トランプ時代の米中対立・米中貿易摩擦から、バイデン政権になって先進民主主義諸国 vs. 中国の対立・貿易摩擦に様相が変化しつつある。

経済摩擦の広域化や、それによる間接的貿易摩擦が懸念される時代になっているわけだが、実際、最近では新疆ウイグルの人権問題を巡り、ミズノやカゴメなどの日本企業がウイグル産綿花やトマトの使用停止を発表した。

ユニクロにいたっては米国での綿製シャツ輸入差し止め、フランス人権NGOからの告発による当局の捜査などを受け、企業活動における制限を余儀なくされている。

また、中国は6月、外国が中国に経済制裁などを発動した際に報復することを可能とする反外国制裁法を可決した。

その中では、外国による制裁に第三国も加担すればその第三国にも報復措置を取れると記されている。
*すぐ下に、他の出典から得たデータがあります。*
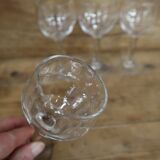 4 old aperitif glasses with transparent stem and faceted relief from the 50s and 60s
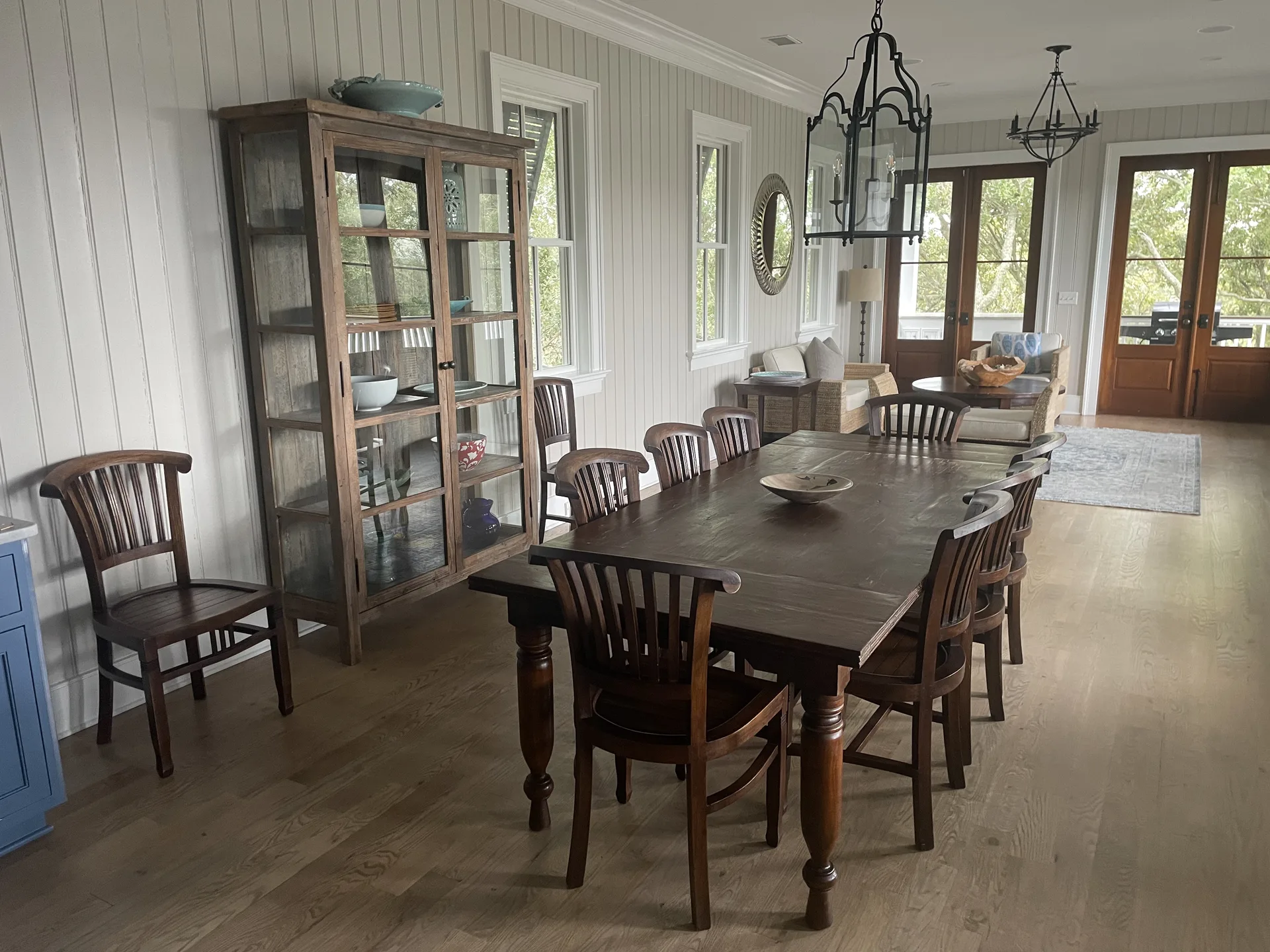 Blue kitchen island with dark wood bar stools and modern pendant light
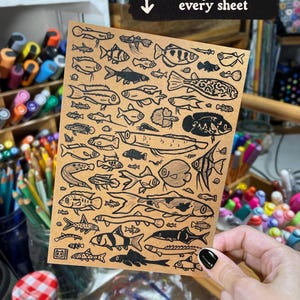May include: A rectangular tan sheet of paper featuring a dense collection of black ink illustrations of various fish species. The top of the sheet includes a black banner with the white text "Bonus print with every sheet" and a downward arrow.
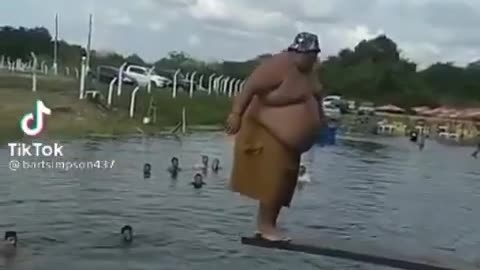 Very fat man jump to water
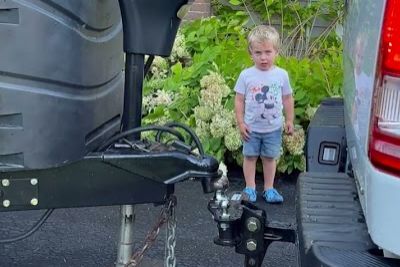 Kid Helps Dad To Line Up Trailer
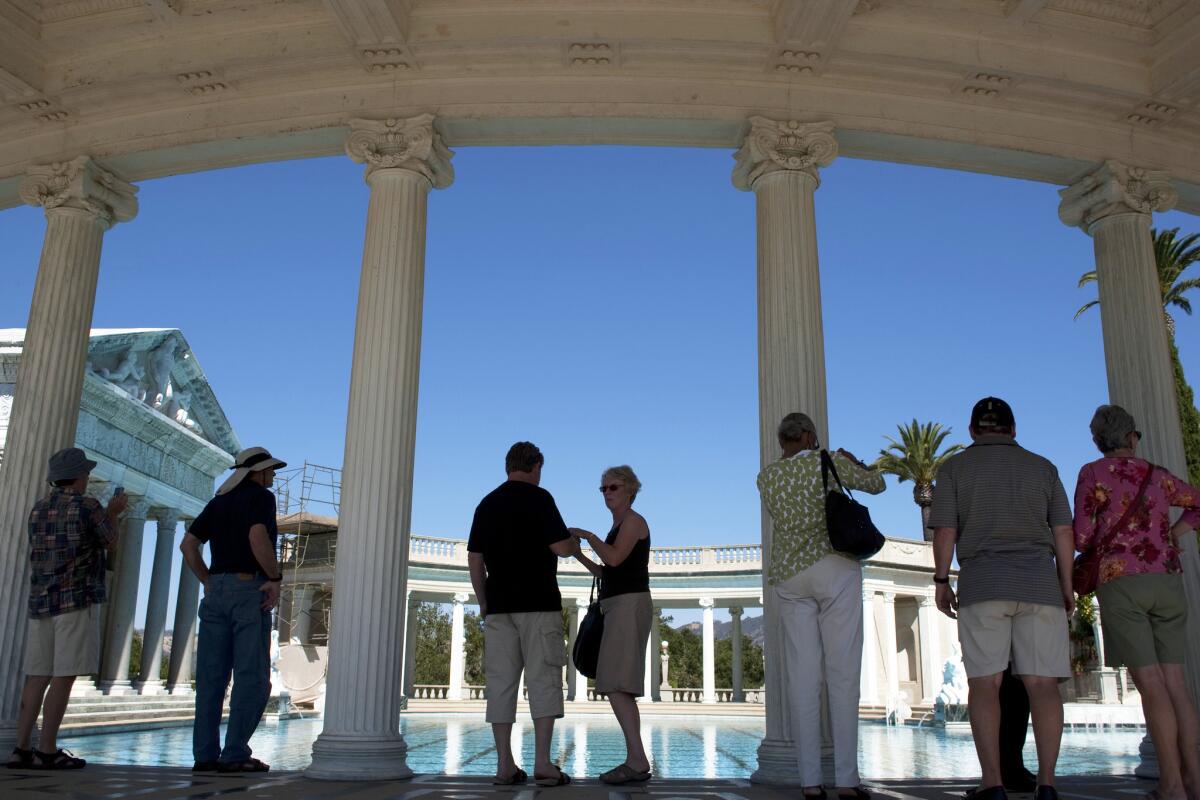 Tourists stand near the large marble columns on the edge of the Greco-Roman style Neptune Pool at Hearst Castle.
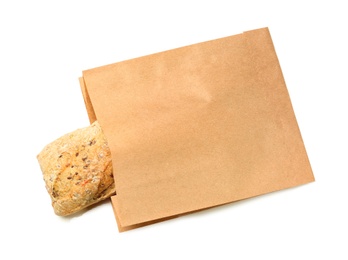 Paper bag with bread on white background, top view. Space for design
そのため、米中対立の行方によっては、中国が日本をその第三国と判断し、日中経済に大きな影響が出る可能性もある。

主要国間を巡る現在の世界情勢は、グローバルエコノミーの中で競争していかなければならない日本企業にとって、決して明るいものではない。

米中対立がいっそう激しくなり、経済的な陣営固めが進めば、最大貿易相手を中国とする日本の立場は難しくなる。しかし、その影響が現在では限定的なため、中国からの撤退や規模縮小を模索する企業はごくわずかなのが実態だろう。